Sebagai informasi, jadwal trip kapal Feri dari Tanjungkalian Mentok-Tanjung Api Api Sumsel, masih berjalan normal atau sembilan trip kapal dalam sehari, tak ada extra trip. Keberangkatan kapal diimulai dari pukul 07.00 WIB hingga 23.00 WIB.
Kepala Bidang Perhubungan Disperkimhub Bangka Barat, Juswardi, mengatakan, pemerintah daerah bersama ASDP dan instansi terkait telah melakukan rapat bersama dan melakukan pemantauan secara intensif terkait kondisi pelabuhan Tanjungkalian.
Mereka memperkirakan, terjadi lonjakan penumpang pada puncak arus libur Natal dan Tahun Baru, yakni pada 22 hingga 24 Desember 2025.
"Sementara untuk antisipasi lonjakan di pelabuhan, seperti biasa kami siapkan pengaturan di sisi parkir buffer zone yang berada di sekitar Pelabuhan Tanjungkalian,” ujar Juswardi.
Menurutnya, operasional kapal di pelabuhan Tanjungkalian Mentok, berjalan hampir 24 jam.
Sehingga, ia menilai kepadatan tidak akan terlalu tinggi dan masih dapat terurai dengan baik. Mengingat kapasitas kapal feri yang beroperasi saat ini relatif besar.

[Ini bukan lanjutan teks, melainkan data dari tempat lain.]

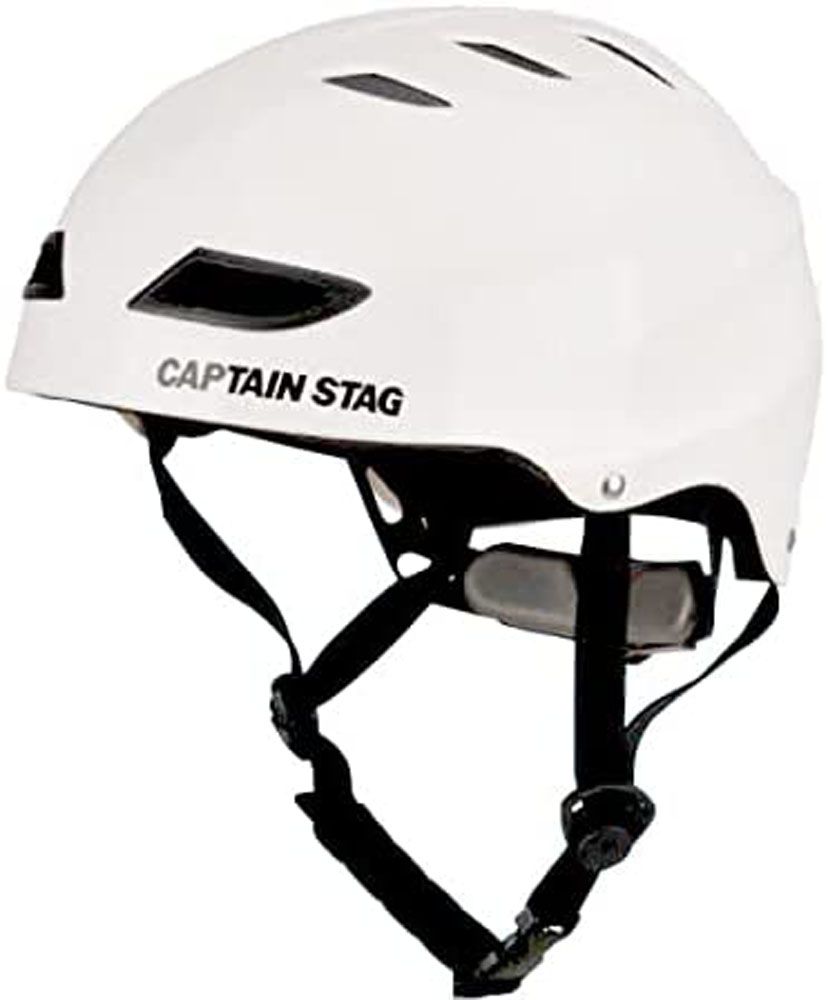 キャプテンスタッグ CAPTAIN STAG アウトドア ヘルメット スポーツヘルメットEX US-3216 へるめっと 防具 スケートボード 自転車 サイクリング ストリートスポーツ バイク US3216 ホワイト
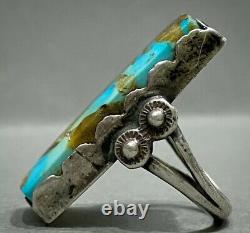 Vintage Navajo Native American Sterling Silver Persian Turquoise Ring GORGEOUS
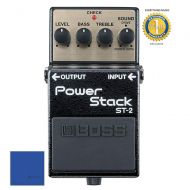 BOSS Boss ST-2 Power Stack Distortion Guitar Effects Pedal with 1 Year Free Extended Warranty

“Persiapan di buffer zone nantinya tinggal dikoordinasikan dengan pihak ASDP, termasuk penggunaan fasilitas, seperti penyediaan toilet, tempat istirahat, serta pos penanganan. Jika terjadi kendala sistem online pembelian tiket, pelayanan juga tetap bisa dilakukan secara offline,” jelasnya.
Juswardi menambahkan, berdasarkan informasi sementara, jadwal operasional Nataru diperkirakan berlangsung pada 23 hingga 25 Desember 2025. Kemudian berlanjut kembali pada 30 Desember hingga 2 Januari 2026.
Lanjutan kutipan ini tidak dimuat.